Sprowadzony z Jutrzenki Giebułtów skrzydłowy dobrą pracę wykonywał także w ataku. W 32 minucie przejął piłkę na połowie rywala, znalazł podaniem Śliwińskiego a ten uderzył zbyt lekko z dystansu choć Zoch wypluł piłkę przed siebie.

Więcej jednak działo się na połowie Staru. W 35 minucie, przy wyprowadzaniu ataku, piłkę na 30 metrze przed bramką stracił Puton i Bartosz Kaliniec uderzył zza pola karnego niewiele się myląc.
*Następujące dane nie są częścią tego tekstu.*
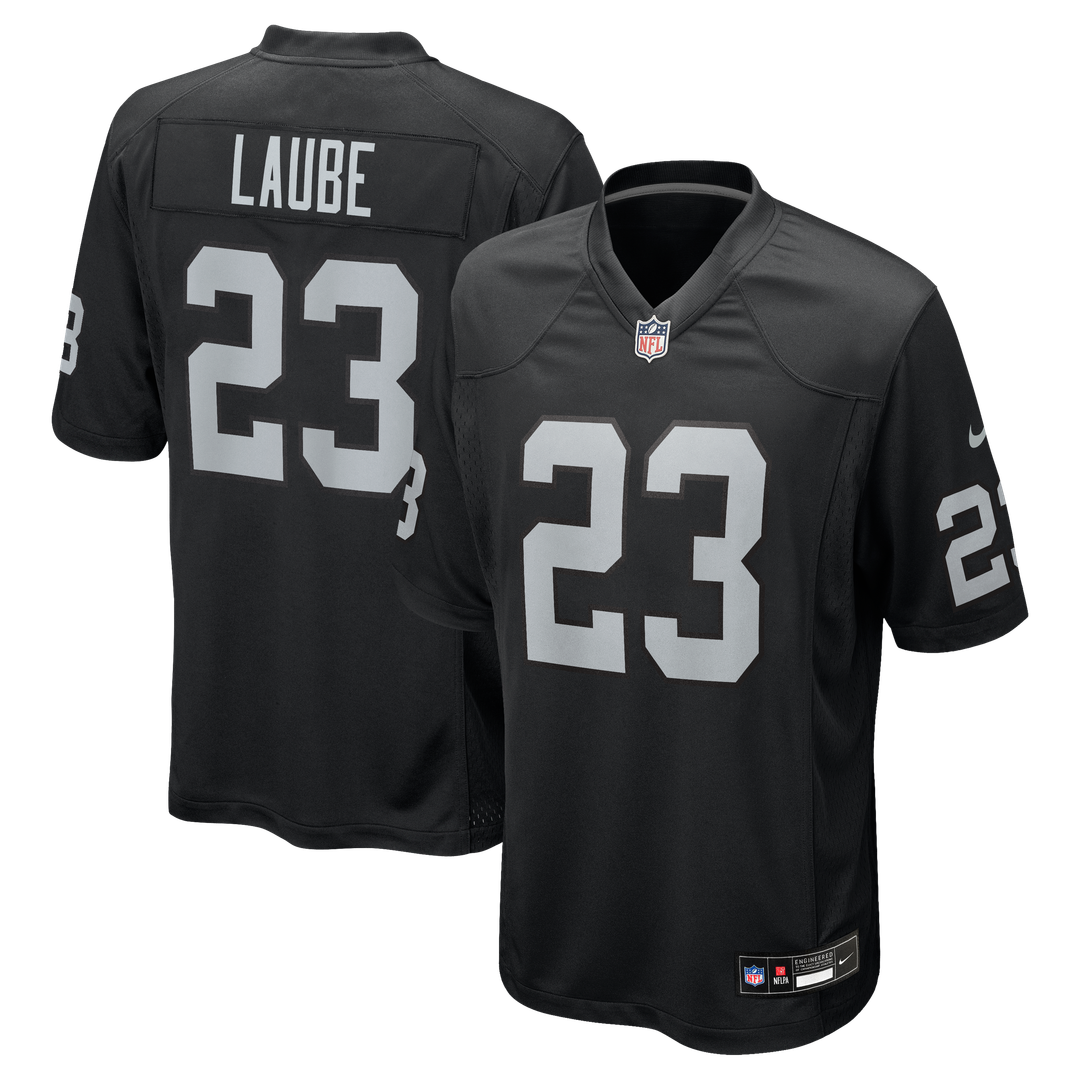 Las Vegas Raiders Dylan Laube Nike Black Game Jersey product image 1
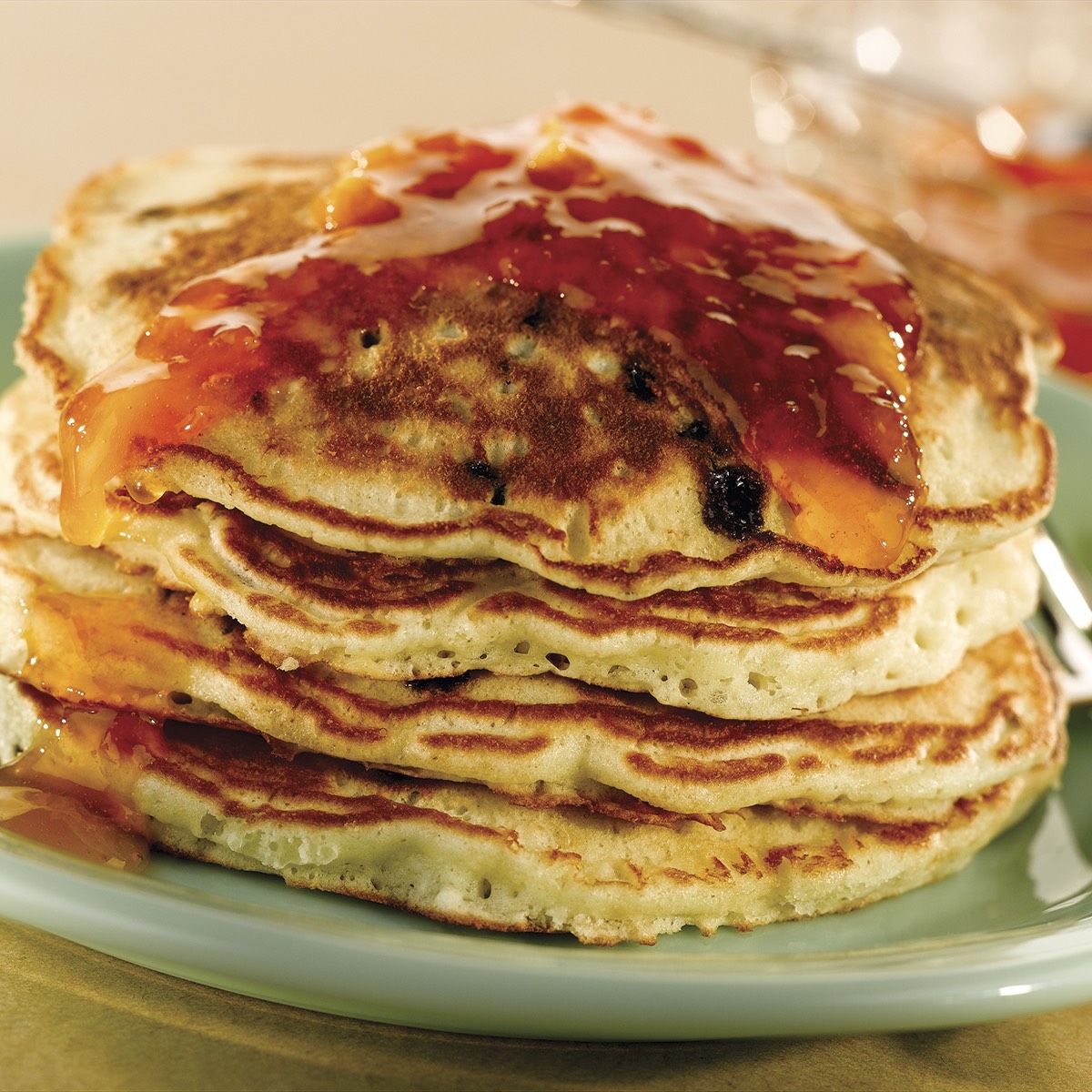 Fruit Muffin Mix Pancakes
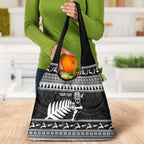New Zealand Christmas Rugby Personalised Grocery Bag Meri Kirihimete All Black Maori - Aussie Hoodie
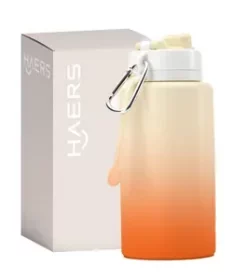 Faltbare Wasserflasche mit Logo – Individuelle Promotionartikel mit Gravur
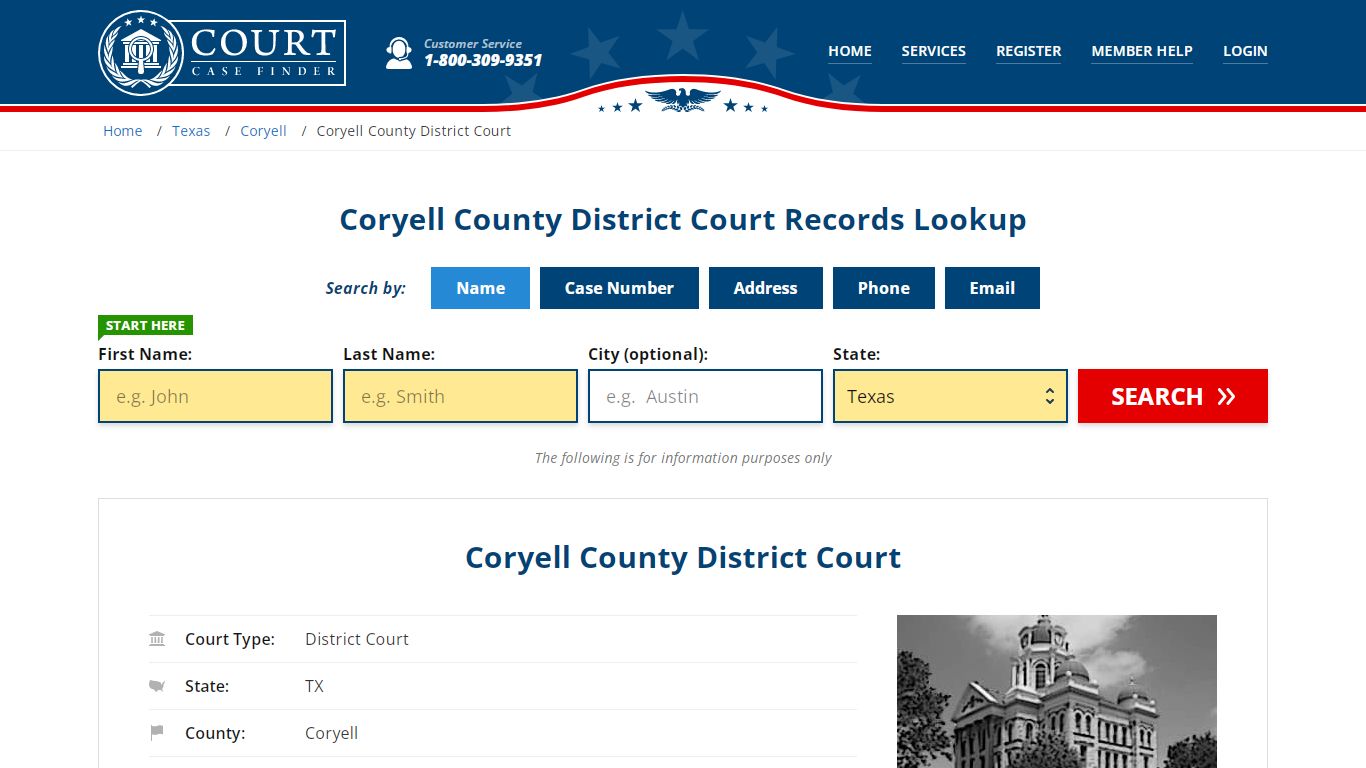 Coryell County District Court Records Lookup - CourtCaseFinder.com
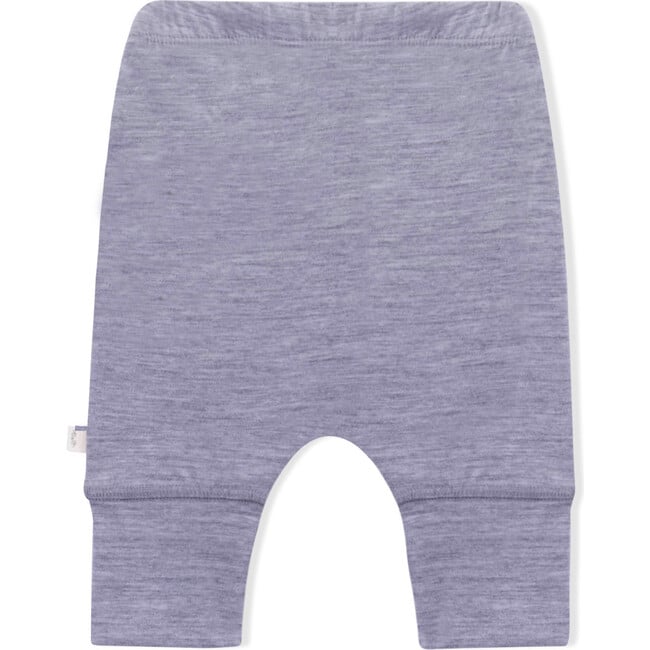 Newborn Pants, Grey Merino Wool - Sweatpants - 3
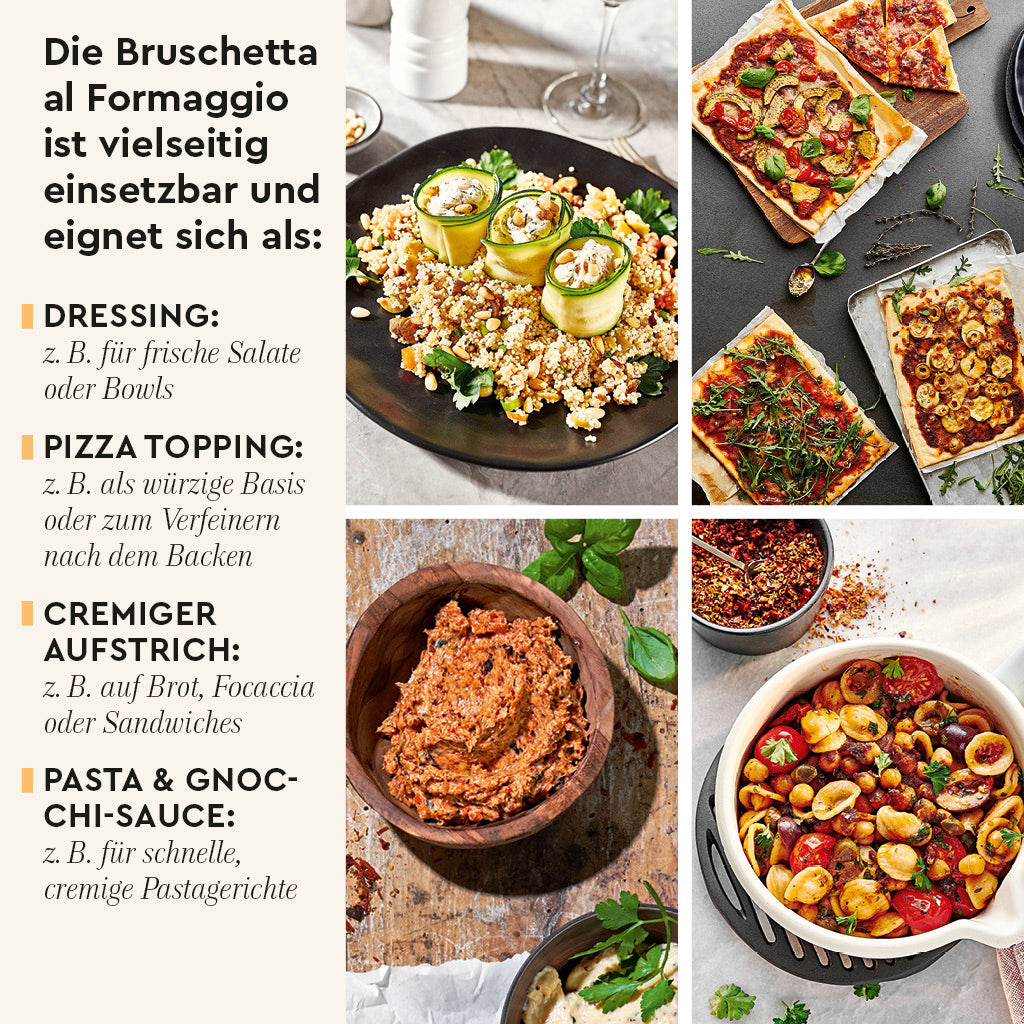 Wajos Bruschetta al Formaggio Anwendungstipps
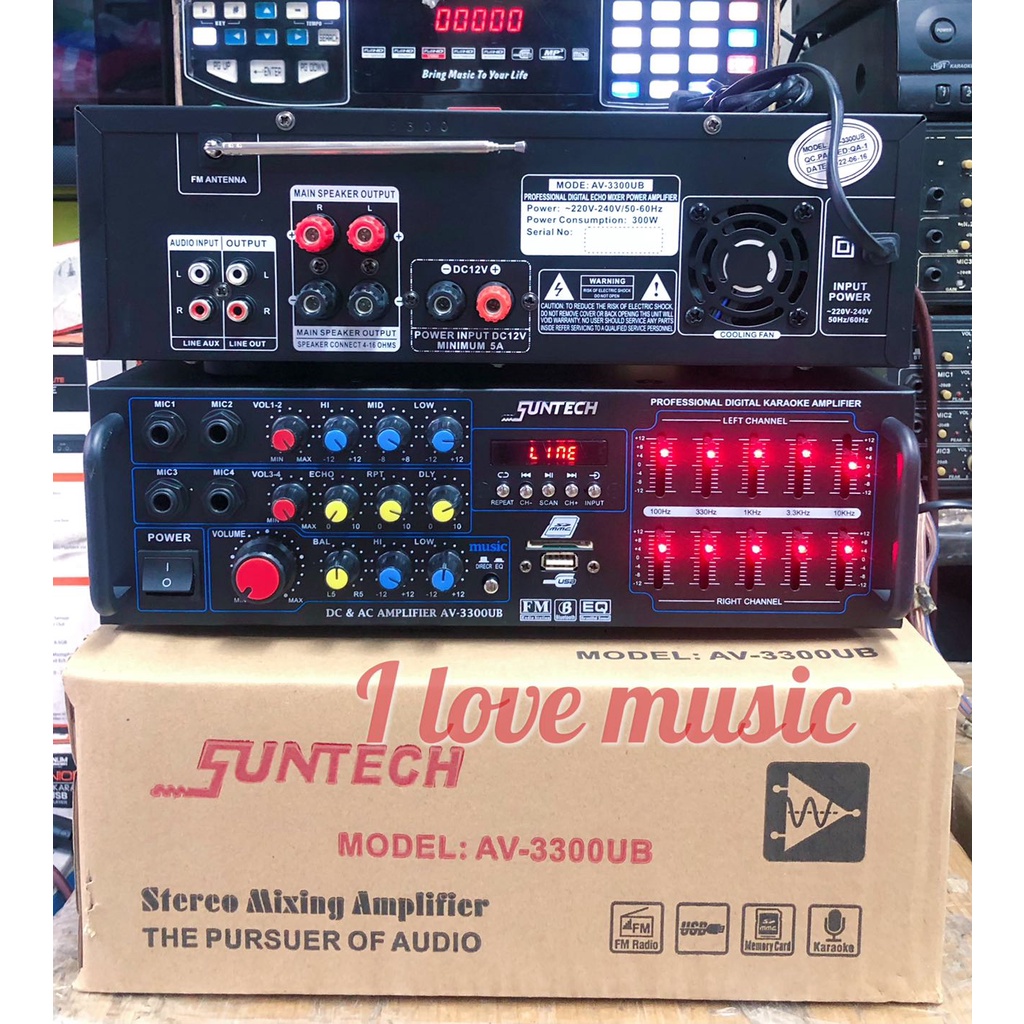 12volts SuntechAV3300UB/HomevisionAV3800AD Mixing Amplifier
Kaliniec był także bohaterem kolejnej akcji, linię obrony złamał Mateusz Jagiełło i pomocnik Siarki uciekł pod linię końcową jednak jego wrzutki nie przeciął żaden z jego kolegów. W 40 minucie podobnej akcji próbował Kamil Orlik, który zszedł do linii końcowej ale jego głębokie dośrodkowanie padło łupem Lipca.

O dziwo jednak to piłkarze Staru mogli na przerwę zejść z prowadzeniem. W 44 minucie, po jednym z rzutów rożnych, piłka trafiła do Piotra Stefańskiego ale jego mocne uderzenie minęło bramkę Zocha. Jeszcze groźniej było w doliczonym czasie pierwszej części, gdy w znakomicie w polu karnym znalazł się Śliwiński, dobrze opanował piłkę ale uderzył tylko w boczną siatkę bramki Siarki.

Zanim piłkarze Siarki „zameldowali” się na murawie w drugiej połowie, wynik brzmiał już 1-0. Z lewej strony dośrodkowywał w pole karne Stefański, podbita przez obrońców piłka trafiła do Wcisły a ten bajecznym strzałem z pierwszej piłki w długi róg przelobował Zocha. Piłkarze Staru próbowali iść za ciosem, w 50 minucie Puton ładnie wypatrzył Śliwińskiego ale rozpędzony napastnik zielono-czarnych za daleko wypuścił sobie piłkę i złapał ją wychodzący z bramki Zoch.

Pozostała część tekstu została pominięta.